• Rue Galande, 1899 - 1998


    Un ami américain vient de m'offrir cet ouvrage en pensant qu'il devrait m'intéresser car il est incontestablement dans ma sphère d'intérêt et d'une proximité certaine avec Parisperdu.

    Bel ouvrage en effet et beau reportage parisien de Christopher Rauschenberg, le photographe, mais surtout, excellent travail de la maison d'édition qui a su recréer - pour les photos modernes - les tonalités douces, les nuances, les gris pâles des plaques d'Atget ...

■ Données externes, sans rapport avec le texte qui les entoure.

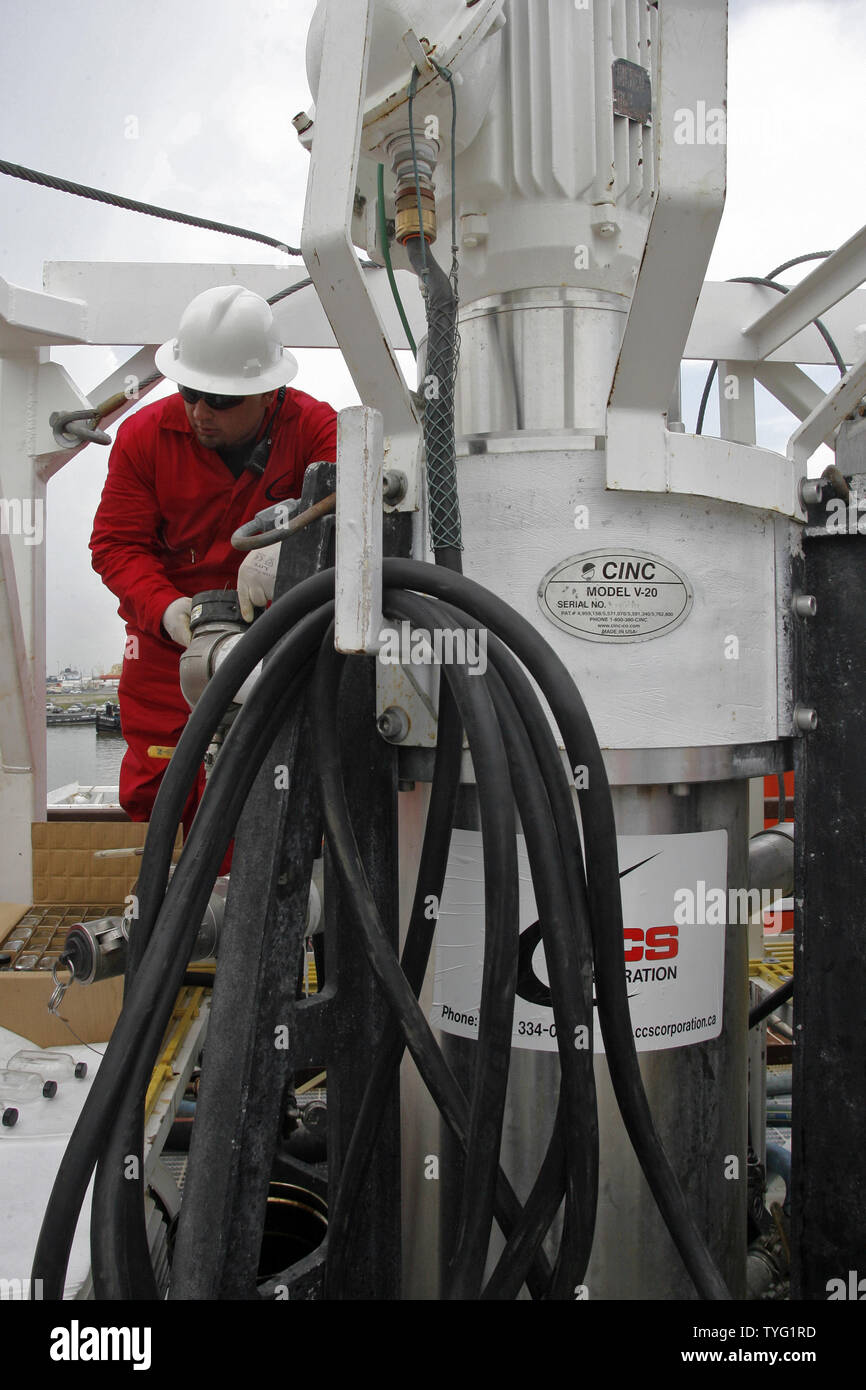 Un ouvrier démontre une centrifugeuse qui sépare l'huile et l'eau lors d'une conférence de presse organisée par Kevin Costner, cofondateur de la centrifugeuse bouilloire Ocean Therapy, à Port Fourchon, en Louisiane, le 18 juin 2010. La société a vendu 32 Costner des machines à BP pour lutter contre le déversement de pétrole du Golfe du Mexique. UPI/A.J. Sisco.. Banque D'Images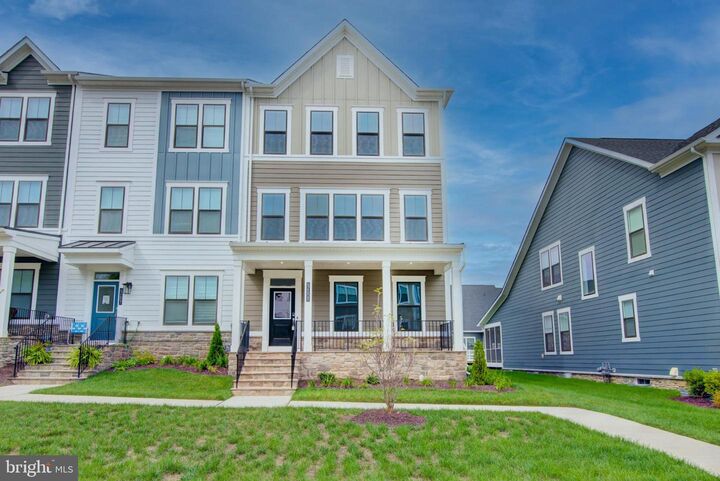 Property Photo:  42609 Houdini Rest Ter  VA 20176 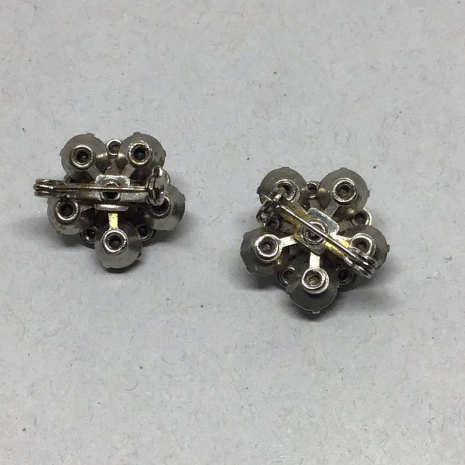 Vintage 1950s Set of Two 3/4", Floral Design, Brooch/Pin Set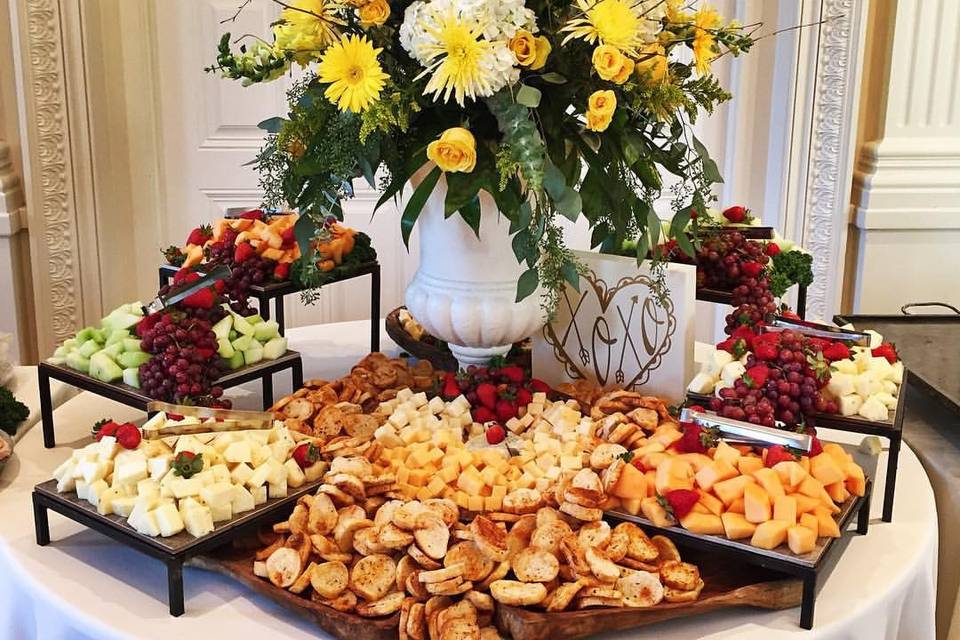 Food and centerpiece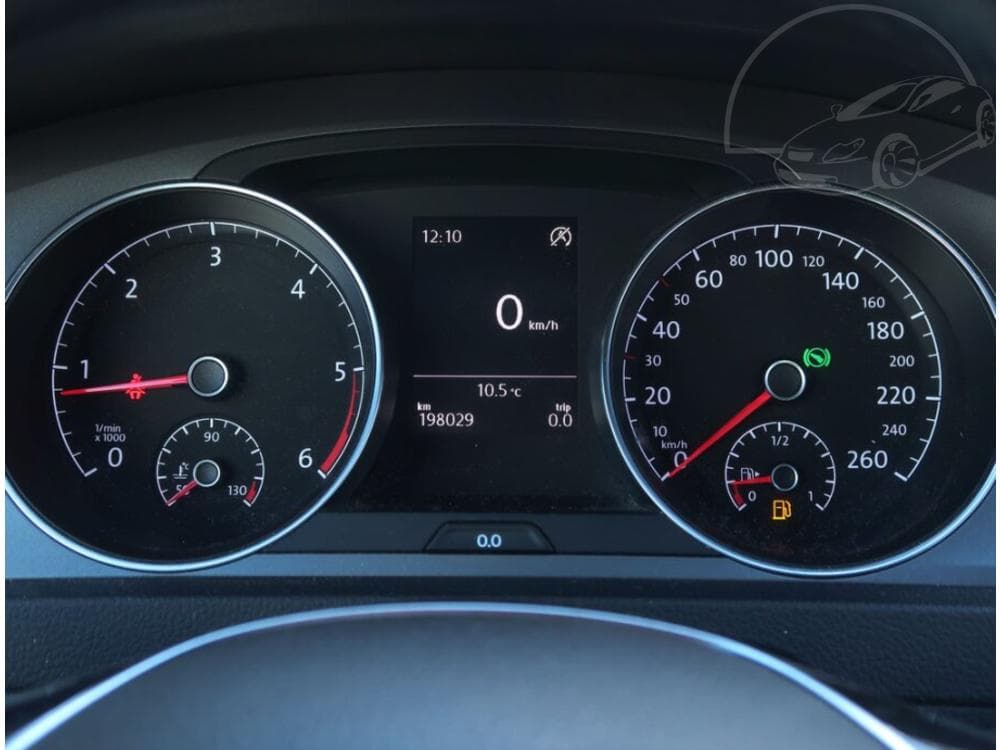 2013 Volkswagen GOLF - 11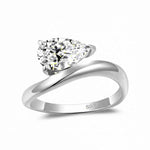 Anel Solitário Moissanite Gota 3ct (7x11mm) em Prata 925 com Banho de Ouro 18k e Moissanite Cor D VVS1 Certificada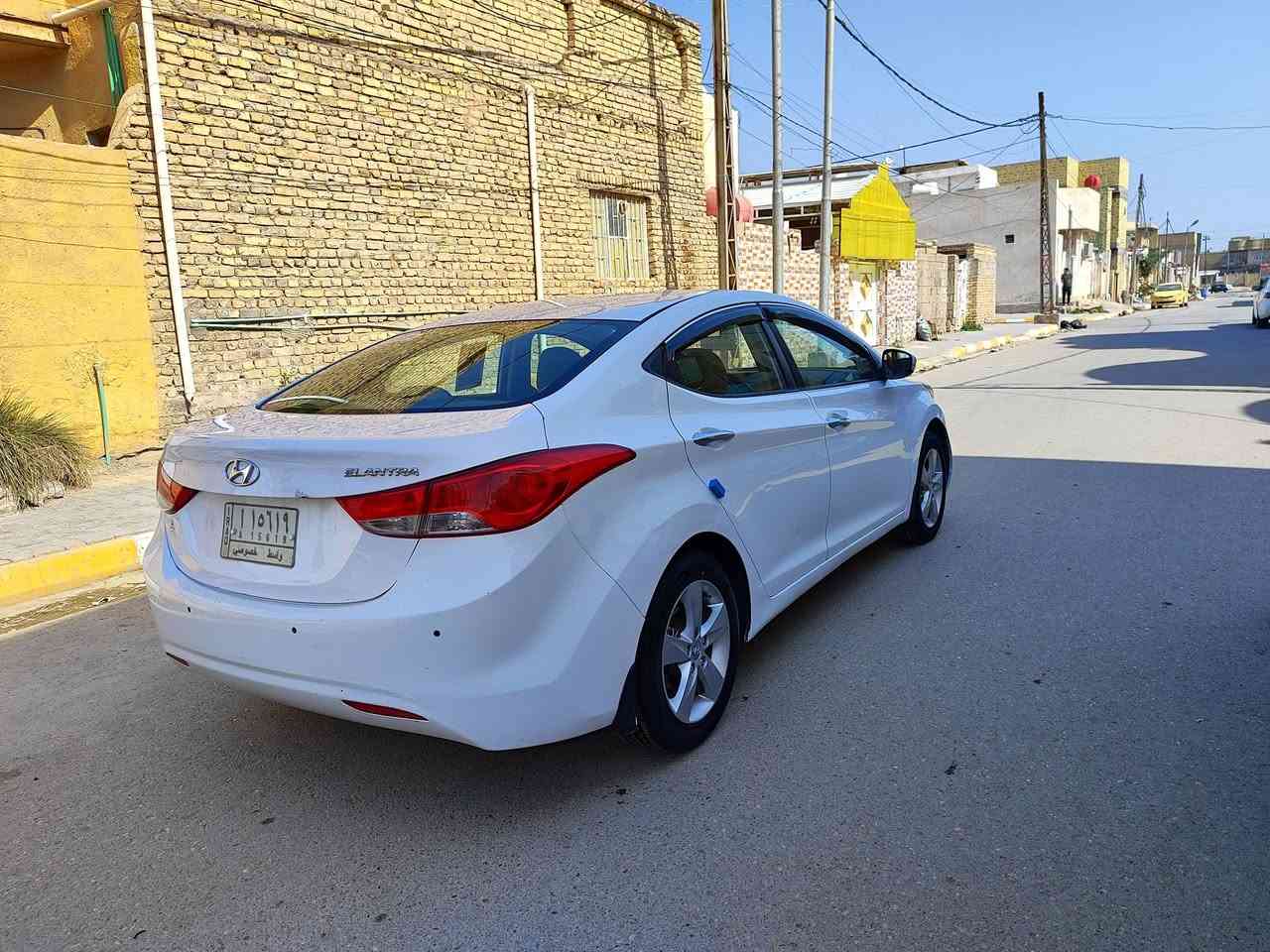 السلام عليكم سياره النترا موديل 2014 وأرد خليجي رقم واسط مشروع وطني تحويل مباشر سنويه إله 28 مكينه 1800 دوش مكينه وكير مكفولات حداديه تخم تاير تبريد سياره جاهزه سياره مكفولة فول مواصفات السعر 112 المكان واسط رقم التليفون ***********
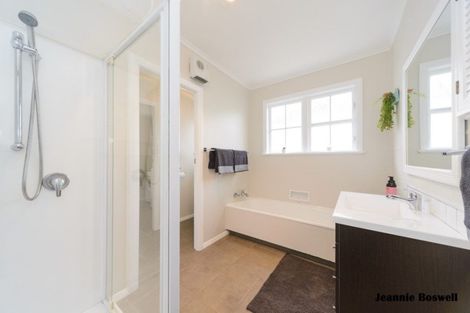 Photo of property in 58 Newcastle Street, Hokowhitu, Palmerston North, 4410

    Le choix des sujets, est en revanche plus discutable, car si certains lieux s'imposent d'eux-mêmes ( la Rue Saint-Bon, la Rue de Fourcy, la Cour de Rohan, ...) dans bien d'autres cas, on sent que le photographe s'est laissé allé à une certaine facilité (Versailles, le parc de St Cloud où bien sûr les statues n'ont pas bougé depuis des siècles !..., c'est moins vrai pour le parc de Sceaux, tant il était en friche à l'époque d'Atget).
    Le regard du photographe américain s'étonne parfois de choses assez banales pour nous les parisiens (un bénitier à l'Eglise Saint-Sulpice, un candélabre à la galerie Colbert, ...) ou ne s'encombre pas de critères esthétiques comme, par exemple, lorsqu'il découvre un immeuble bâché et qu'il le retient toutefois dans sa sélection des lieux d'Atget (2 rue de l'Abbaye).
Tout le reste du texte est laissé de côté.